The rate of Consumer Prices Index (CPI) inflation rose to 4.4% from 4.2% in June, according to figures from the Office for National Statistics (ONS).
The Retail Prices Index (RPI) measure was unchanged at 5%.
Clothing and footwear prices measured for CPI saw their biggest annual increase since records began in 1997.
Bank of England governor Mervyn King has written another letter to the chancellor to explain why CPI inflation remains well above the 2% target rate.
The governor must write a letter every three months if CPI is more than one percentage point above or below the target.
He blamed the continuing high inflation rate on, "the increase in the standard rate of VAT to 20%, and past increases in global energy prices and import prices".
He also stressed that "the big risks currently facing the UK economy come from the rest of the world".
The Bank of England said last week that it remained confident that inflation would return to its target level in the next two years.

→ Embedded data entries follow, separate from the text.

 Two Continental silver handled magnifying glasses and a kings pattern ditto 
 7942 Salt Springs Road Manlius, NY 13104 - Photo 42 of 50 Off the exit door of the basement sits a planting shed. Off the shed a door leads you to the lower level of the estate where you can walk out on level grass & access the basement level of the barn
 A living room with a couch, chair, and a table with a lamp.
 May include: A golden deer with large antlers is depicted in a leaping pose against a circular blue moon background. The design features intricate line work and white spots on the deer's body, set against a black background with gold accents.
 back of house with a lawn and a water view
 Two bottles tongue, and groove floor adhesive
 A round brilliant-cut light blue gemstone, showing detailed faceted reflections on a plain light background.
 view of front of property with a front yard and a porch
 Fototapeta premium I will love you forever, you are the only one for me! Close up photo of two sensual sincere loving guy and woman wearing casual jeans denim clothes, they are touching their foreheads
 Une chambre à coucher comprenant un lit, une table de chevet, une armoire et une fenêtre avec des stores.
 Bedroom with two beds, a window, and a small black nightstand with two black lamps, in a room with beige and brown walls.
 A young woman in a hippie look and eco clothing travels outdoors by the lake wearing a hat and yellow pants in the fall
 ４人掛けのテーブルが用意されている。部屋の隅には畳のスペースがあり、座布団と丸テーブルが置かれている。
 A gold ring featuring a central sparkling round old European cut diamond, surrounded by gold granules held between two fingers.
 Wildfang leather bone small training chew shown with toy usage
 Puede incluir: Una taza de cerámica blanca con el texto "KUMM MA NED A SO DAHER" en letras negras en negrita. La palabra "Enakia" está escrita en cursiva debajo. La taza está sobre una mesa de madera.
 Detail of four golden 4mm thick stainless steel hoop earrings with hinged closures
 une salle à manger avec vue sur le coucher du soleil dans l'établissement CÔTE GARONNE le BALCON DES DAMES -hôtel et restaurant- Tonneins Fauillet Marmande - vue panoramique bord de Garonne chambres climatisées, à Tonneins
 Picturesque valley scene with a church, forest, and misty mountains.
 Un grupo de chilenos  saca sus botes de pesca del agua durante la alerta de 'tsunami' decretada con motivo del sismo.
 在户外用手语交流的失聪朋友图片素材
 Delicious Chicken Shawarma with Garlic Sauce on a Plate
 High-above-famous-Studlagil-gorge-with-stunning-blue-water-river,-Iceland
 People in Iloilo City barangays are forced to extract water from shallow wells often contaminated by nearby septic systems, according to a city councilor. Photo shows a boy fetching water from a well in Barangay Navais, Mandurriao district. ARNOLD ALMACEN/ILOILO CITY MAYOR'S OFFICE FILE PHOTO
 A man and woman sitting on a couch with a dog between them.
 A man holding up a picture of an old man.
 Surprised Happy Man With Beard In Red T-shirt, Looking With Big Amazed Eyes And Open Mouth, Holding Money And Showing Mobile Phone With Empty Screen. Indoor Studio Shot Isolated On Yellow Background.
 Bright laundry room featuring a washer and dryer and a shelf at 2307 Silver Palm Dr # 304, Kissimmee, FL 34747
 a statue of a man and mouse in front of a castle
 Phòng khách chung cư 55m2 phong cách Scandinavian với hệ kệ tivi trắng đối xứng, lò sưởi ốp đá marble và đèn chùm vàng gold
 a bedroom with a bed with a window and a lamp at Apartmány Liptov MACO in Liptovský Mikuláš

Chancellor George Osborne replied to Mr King's letter saying that, "A crisis of confidence in the global economy demands a global response".
He called for credible cuts in countries with big deficits and a "rebalancing of global demand to support growth".
The ONS said the main contributors to inflation came from financial services, clothing and footwear, furniture, household equipment and housing rent.
It said one of the biggest contributions had come from fees for financial services, which rose in July but had fallen in the same month last year.
The main downward pressure on inflation came from food and non-alcoholic drinks.
"The big picture is still that rises in energy prices and in particular the VAT hike at the start of the year are still keeping inflation high," said Colin Ellis, chief economist at the British Private Equity and Venture Capital Association.
"At constant tax rates, CPI inflation was 2.8% in July."
July's inflation figures are particularly important because they are used to determine how much regulated rail fares can increase.
Under the government's new formula, fares will be able to rise by RPI+3%, which means average fares will be able to go up by 8% next year.
In other research, Kantar Worldpanel found that while grocery price inflation had grown 5.2% in the 12 weeks to 7 August, compared with the same period the previous year, grocery sales had only risen by 3.8%.
"It is evident that shoppers are trying to manage their 'personal' inflation by trading down," said Edward Garner from Kantar Worldpanel.
"It's therefore unsurprising that the discounters have pushed further ahead this month."
Aldi performed particularly strongly, taking its market share to 3.6% from 3% at the same time last year.